Please note: I have a journalism degree and work as a professional editor.
First, go to journalism school. There’s some good ones out there.
Next, take an internship or two to build up some contacts and get some experience.
Third, take a job in journalism, at a magazine, newspaper, TV, or radio station. Get more experience. Learn the difference between “hard news” and “soft opinion piece.” (Hint: Anything you produce on YouTube will be soft opinion piece unless you already know what the “inverted pyramid” style of writing is and know how to use it. Practice writing strong leads.
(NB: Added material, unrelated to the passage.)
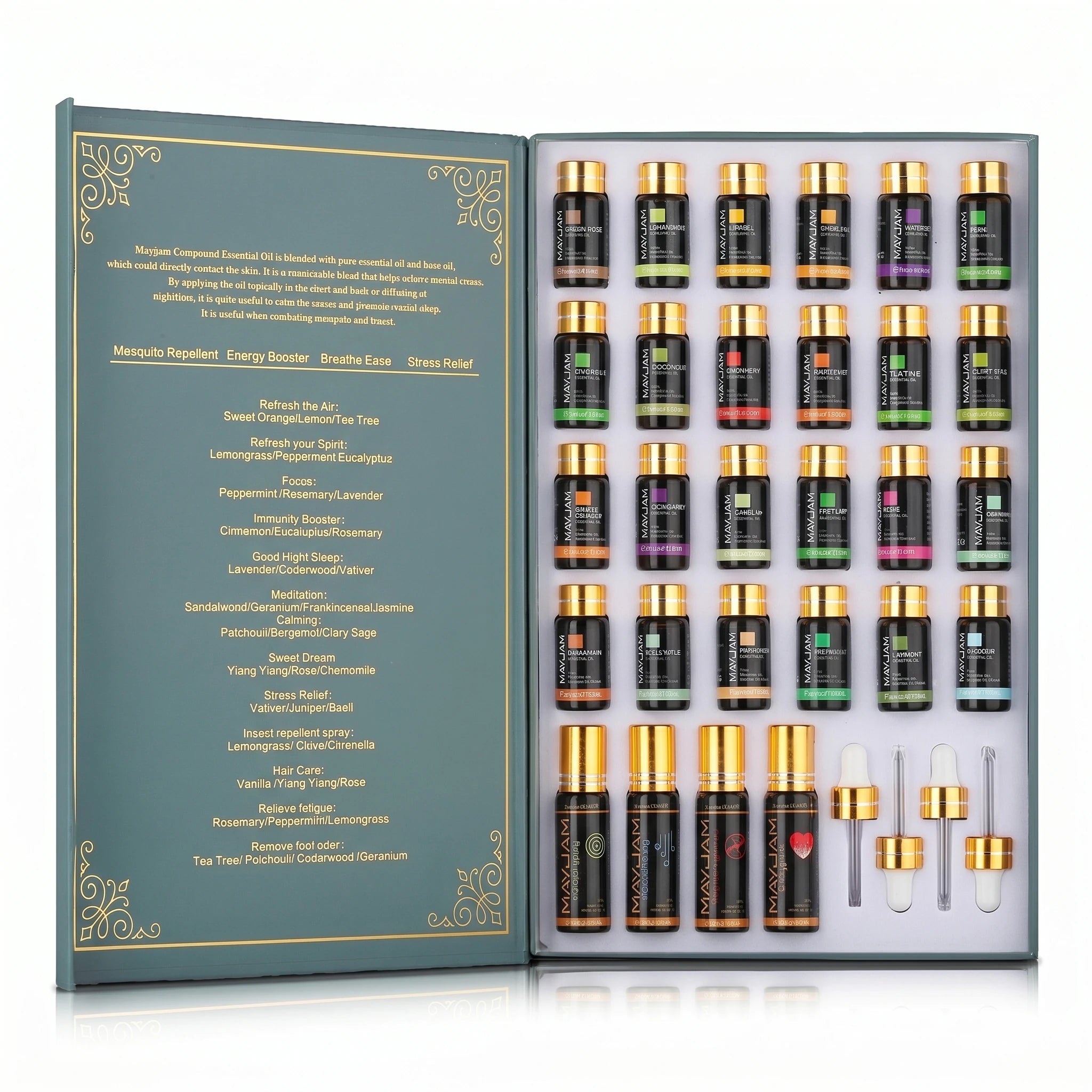 Le Coffret des Essences — 6 huiles essentielles — packshot fond blanc · AURÆN Rituels d'Or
Once you have some experience in true journalism, getting interviews, editing your own work, understanding how to craft a news story and you’ve built up a lot of contacts and know people in the industry, you may have built up a reputation as a solid journalist. At that point, you start contacting people you’ve worked with over the years and let them know you are available for freelance work. Some of them might call you for assignments, if in fact, your previous work is known to them and was good quality.
Another route would be to get your hands on a paper copy of Writer’s Market. This is a list of periodicals and publications that take freelance work. It gives editor contact information, writer’s guidelines, payscale, writing requirements. You send a query off to editors, possibly with a writing sample or a pitch for a story idea. When they call you and say you’re hired, you go do the work and turn it in on time, following all of the criteria set forth by the entity for which you are working. Then sit back and wait to get paid.
Writer’s Market also has a website and offers many tips and guidance on how to write a query letter. It will not teach you how to write in journalism style, but I can tell you this: Writing in journalism style ain’t nothing like your English composition classes.
First, perhaps, you might have to get used to the idea that shooting a video and posting it on YouTube is NOT journalism. Writing a blog is not journalism. You have to interview many people with differing viewpoints, keep your own opinions and actions out of the story (never use “I” or “me” in a story or refer to yourself in any way – that makes it a column, or an opinion piece), and make sure your quotes are attributed, your facts are verified and corroborated, and your sources for facts cited so your editors can verify that all the work you’ve done is true and correct and you aren’t just making stuff up to get yourself published. If you want to see how it doesn’t work, check out the movie “Shattered Glass.” If you want to see how it does work, watch “All the President’s Men” or “Absence of Malice.” I was required to watch the second movie in my Communication Law class in college.
The most important thing I’d like to emphasize to you is that journalism is about writing, not shooting video. Even when we are talking about producing a piece for broadcast (radio or television) – either way, the piece starts with writing. The video is just another tool in the journalist’s arsenal. The pen and the hand-held cam are mightier than the sword!